* Description of the task: Look below for the line containing "Round Signet Ring". Write out that line and the rest through the last one, exactly as they appear, but without pictures.

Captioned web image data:
::::
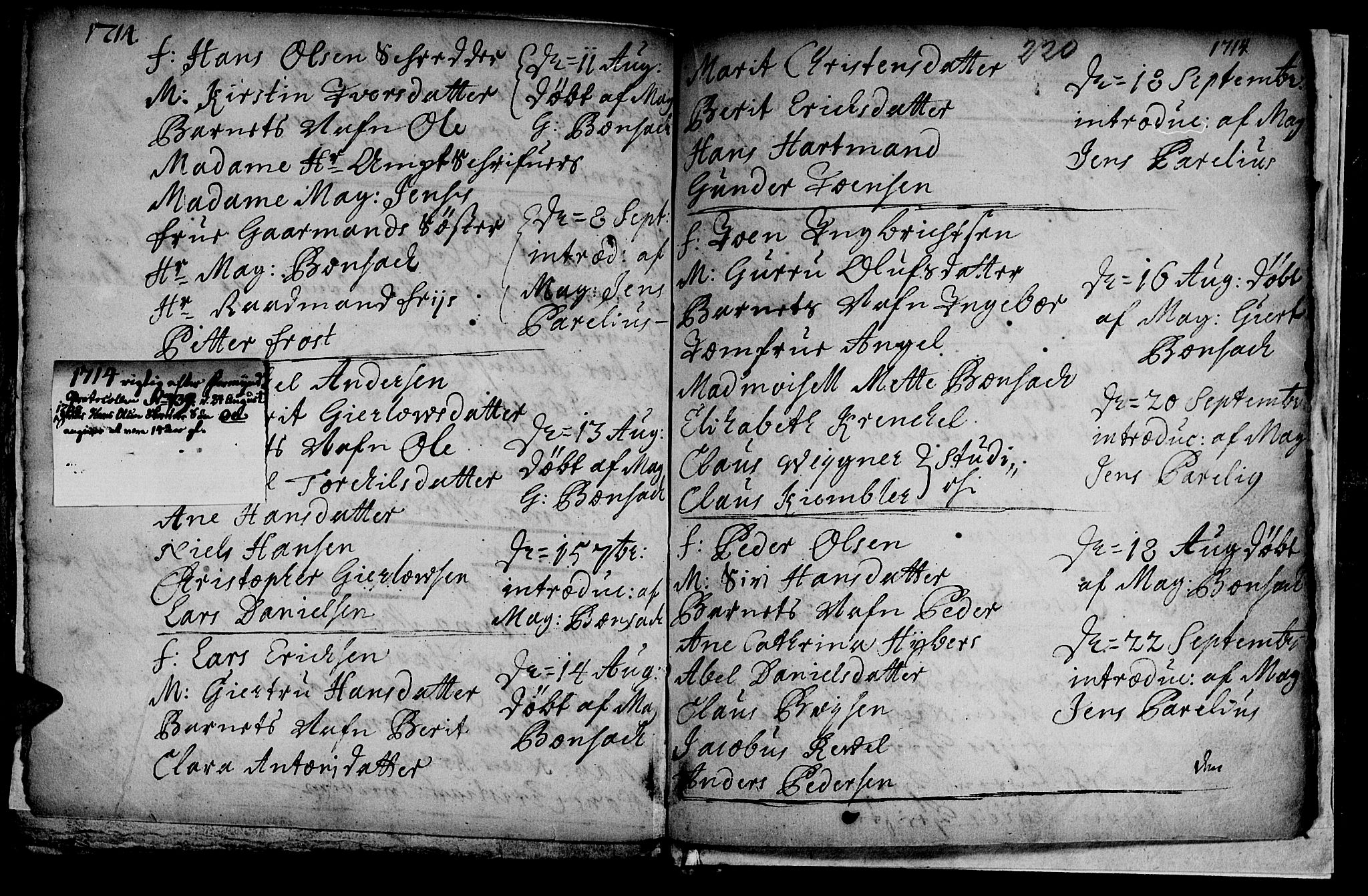 Ministerialprotokoller, klokkerbøker og fødselsregistre - Sør-Trøndelag, SAT/A-1456/601/L0034: Ministerialbok nr. 601A02, 1702-1714, s. 220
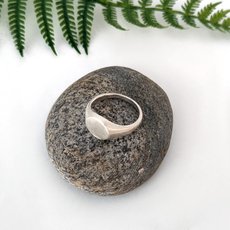 Round Signet Ring Silver Matt Finish-jewellery-The Vault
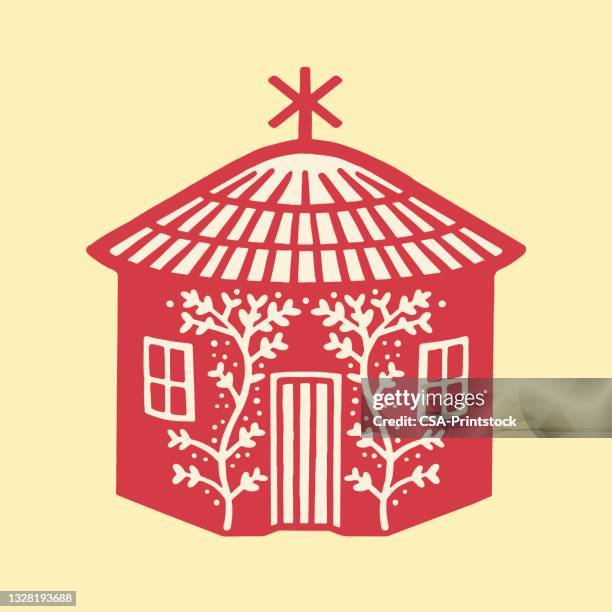 decorated little house - backyard stock illustrations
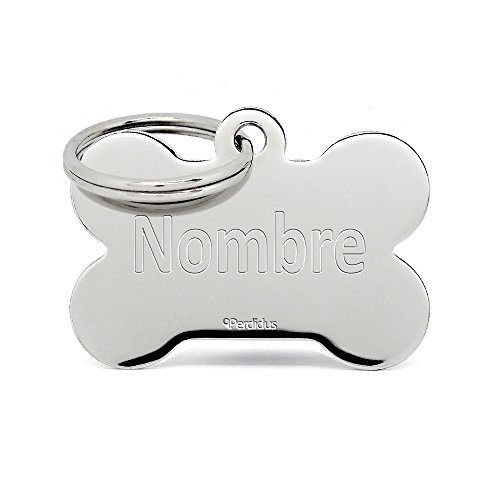 PERDIDUS Placa Identificativa para Perros y Gatos con Forma Hueso | Grabado del Nombre y Teléfono Incluido | (Plata) (32 mm)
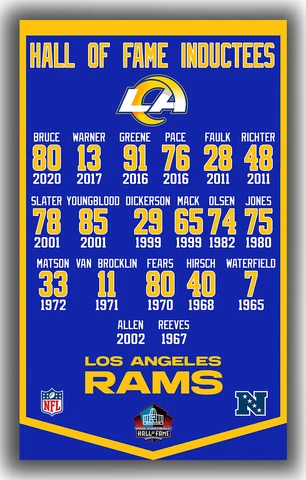 Los Angeles RAMS Football Hall Of Fame Inductees Flag 90x150cm 3x5ft Best Banner Cover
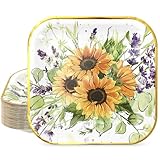JarThenaAMCS 50Pcs Sunflower Paper Plates Watercolor Flower Disposable Plates 9 Inch Farmhouse Floral Dessert Dinner Plates for Spring Summer Wedding Birthday Baby Shower Party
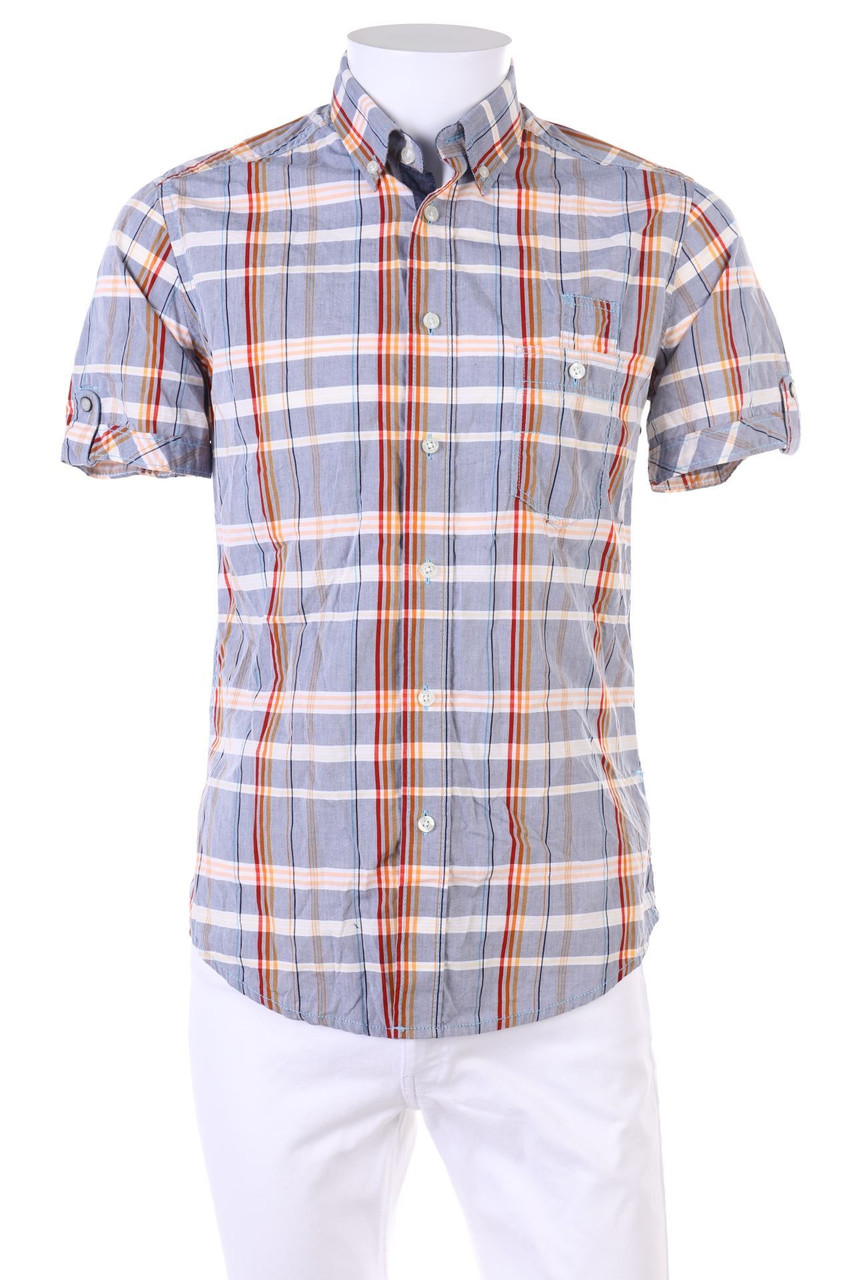 SECONDHAND - Karo-Kurzarm-Hemd mit Button-down-Kragen - S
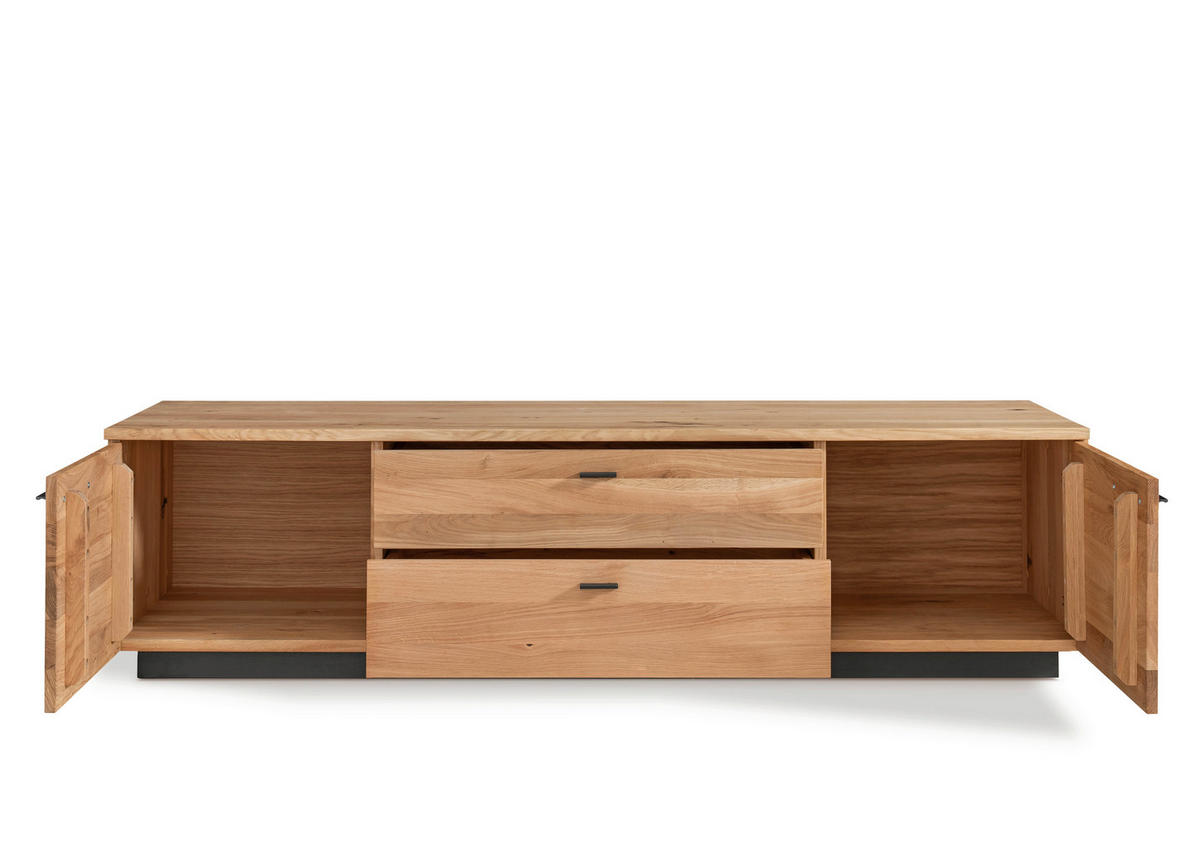 LOWBOARD  165/43/52 cm 2 Schublade(n) Typenauswahl, Beimöbel erhältlich, stehend  - Eichefarben/Schwarz, Design, Holz/Metall (165/43/52cm) - Linea Natura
::::
* Answer to the exercise:
 Round Signet Ring Silver Matt Finish-jewellery-The Vault
 decorated little house - backyard stock illustrations
 PERDIDUS Placa Identificativa para Perros y Gatos con Forma Hueso | Grabado del Nombre y Teléfono Incluido | (Plata) (32 mm)
 Los Angeles RAMS Football Hall Of Fame Inductees Flag 90x150cm 3x5ft Best Banner Cover
JarThenaAMCS 50Pcs Sunflower Paper Plates Watercolor Flower Disposable Plates 9 Inch Farmhouse Floral Dessert Dinner Plates for Spring Summer Wedding Birthday Baby Shower Party
 SECONDHAND - Karo-Kurzarm-Hemd mit Button-down-Kragen - S
 LOWBOARD  165/43/52 cm 2 Schublade(n) Typenauswahl, Beimöbel erhältlich, stehend  - Eichefarben/Schwarz, Design, Holz/Metall (165/43/52cm) - Linea Natura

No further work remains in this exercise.